Oncomodulin (OCM) uniquely regulates calcium signaling in neonatal cochlear outer hair cells

In cochlear outer hair cells (OHCs), a network of Ca2+ channels, pumps and Ca2+-binding proteins (CaBPs) regulates the localization, spread, and magnitude of free Ca2+ ions. During early postnatal development, OHCs express three prominent mobile EF-hand CaBPs: oncomodulin (OCM), α-parvalbumin (APV) and sorcin.

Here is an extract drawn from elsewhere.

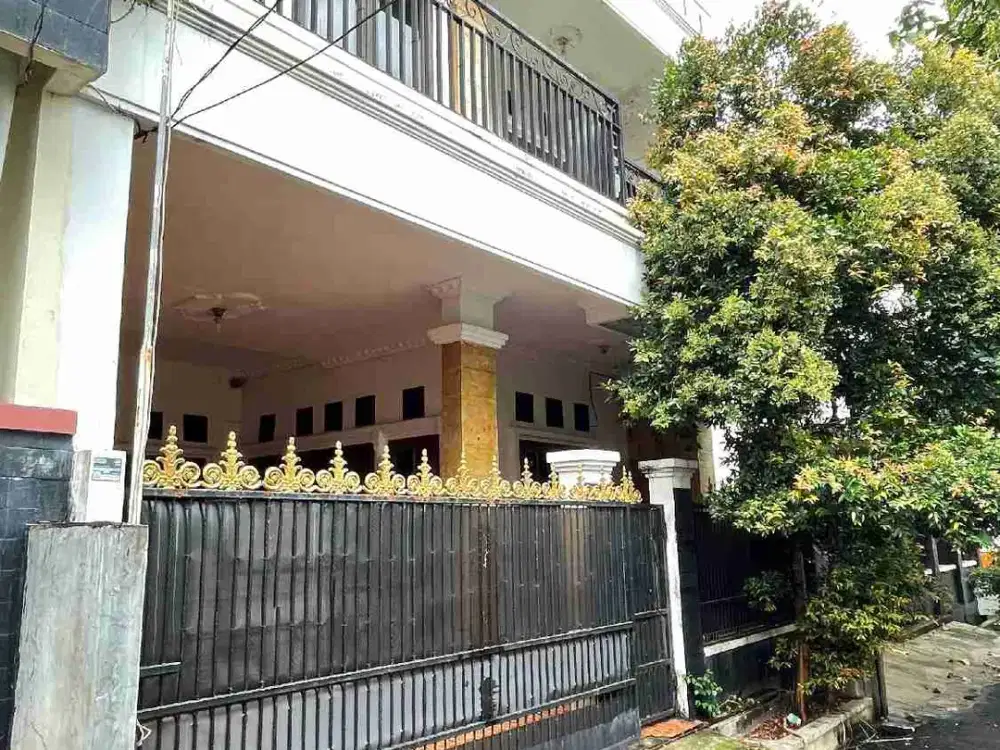 Disewa rumah 2.lantai Buaran Jakarta timur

We have previously shown that deletion of Ocm ( Ocm -/-) gives rise to progressive cochlear dysfunction in young adult mice. Here, we show that changes in Ca2+ signaling begin early in postnatal development of Ocm -/- mice. While mutant OHCs exhibit normal electrophysiological profiles compared to controls, their intracellular Ca2+ signaling is altered. The onset of OCM expression at postnatal day 3 (P3) causes a developmental change in KCl-induced Ca2+ transients in OHCs and leads to slower KCl-induced Ca2+ transients than those elicited in cells from Ocm -/- littermates. We compared OCM buffering kinetics with other CaBPs in animal models and cultured cells. In a double knockout of Ocm and Apv ( Ocm -/- ;Apv -/- ), mutant OHCs show even faster Ca2+ kinetics, suggesting that APV may also contribute to early postnatal Ca2+ signaling. In transfected HEK293T cells, OCM slows Ca2+ kinetics more so than either APV or sorcin. We conclude that OCM controls the intracellular Ca2+ environment by lowering the amount of freely available [Ca2+]i in OHCs and in transfected HEK293T cells. We propose that OCM plays an important role in shaping the development of early OHC Ca2+ signals through its inimitable Ca2+ buffering capacity. ### Competing Interest Statement The authors have declared no competing interest.